START Data to use

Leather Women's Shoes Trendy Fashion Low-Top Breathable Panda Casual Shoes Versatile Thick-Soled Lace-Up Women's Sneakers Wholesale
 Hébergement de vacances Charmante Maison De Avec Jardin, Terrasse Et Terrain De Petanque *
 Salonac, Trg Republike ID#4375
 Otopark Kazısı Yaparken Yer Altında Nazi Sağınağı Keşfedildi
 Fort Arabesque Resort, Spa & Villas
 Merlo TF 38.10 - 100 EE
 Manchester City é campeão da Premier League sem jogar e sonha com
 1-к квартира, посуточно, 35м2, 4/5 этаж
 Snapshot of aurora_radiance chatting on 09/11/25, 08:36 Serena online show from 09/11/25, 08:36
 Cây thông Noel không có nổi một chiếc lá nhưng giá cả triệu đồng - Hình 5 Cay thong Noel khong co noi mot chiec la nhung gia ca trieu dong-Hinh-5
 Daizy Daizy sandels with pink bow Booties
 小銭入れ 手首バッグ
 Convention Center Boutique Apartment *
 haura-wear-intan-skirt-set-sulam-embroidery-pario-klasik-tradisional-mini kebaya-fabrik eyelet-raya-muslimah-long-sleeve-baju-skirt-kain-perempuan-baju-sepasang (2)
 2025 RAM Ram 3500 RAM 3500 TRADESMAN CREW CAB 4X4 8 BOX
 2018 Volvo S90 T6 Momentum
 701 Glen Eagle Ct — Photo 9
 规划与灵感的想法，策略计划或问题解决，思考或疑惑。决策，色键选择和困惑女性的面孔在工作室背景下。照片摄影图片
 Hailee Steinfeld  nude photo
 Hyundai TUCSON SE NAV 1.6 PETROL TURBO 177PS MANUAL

END Data to use

> _Work to be completed_: Out of the data above, give again only the lines starting at the one holding "1-к квартира, посуточно, 35м2, 4/5 этаж" and ending at the one holding "Snapshot of aurora_radiance", unchanged.

> _Output below_:
 1-к квартира, посуточно, 35м2, 4/5 этаж
 Snapshot of aurora_radiance chatting on 09/11/25, 08:36 Serena online show from 09/11/25, 08:36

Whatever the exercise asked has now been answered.